We have plenty of experience with other servers like lighttpd and
apache,
but that doesn't particularly help.
What would be the easiest roadmap to set up Solr in our live
environment and
would that easy roadmap (whatever it is) be good enough for us
(given the
data below)?
I'd suggest using Jetty that comes with the distribution. Treat it as
you would a unix process, with 'java -jar start.jar' the launch
command and sending SIGTERM to kill it. You'll want to give it more
ram with the -Xmx and -Xms parameters, as well as specify -server.
Other than that, you'll need a way keep an eye on the log file.

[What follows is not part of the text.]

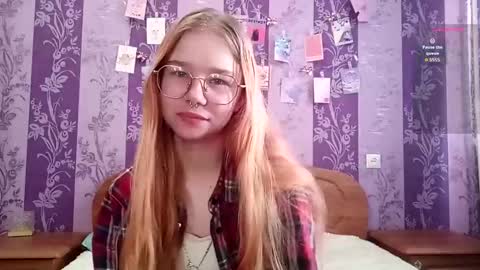 Snapshot of elenacastellani chatting on 02/21/26, 04:24 Mia online show from 02/21/26, 04:24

That's about it. One quite useful debugging tool is to send SIGQUIT
to Solr, which prints out a stack trace for every alive thread at the
current timeslice.
Tech data:
There are 60K documents (and growing slowly at << 100/day) and about
20K-30K searches per day (growing faster than the #documents, but
not that
fast either).
Solr will have to share a (quad xeon, 12GB of RAM, SAS disks) with
Postgresql.
In all my tests (replaying stored searches) I had 0 cache misses and
between 0.7 and 0.99 hit rate for all 3 caches.
I will use plenty of faceting to create various tag clouds in various
places.
That should be fine. You might want to schedule an occasional
optimize (you can do that with cron+shell script)
-Mike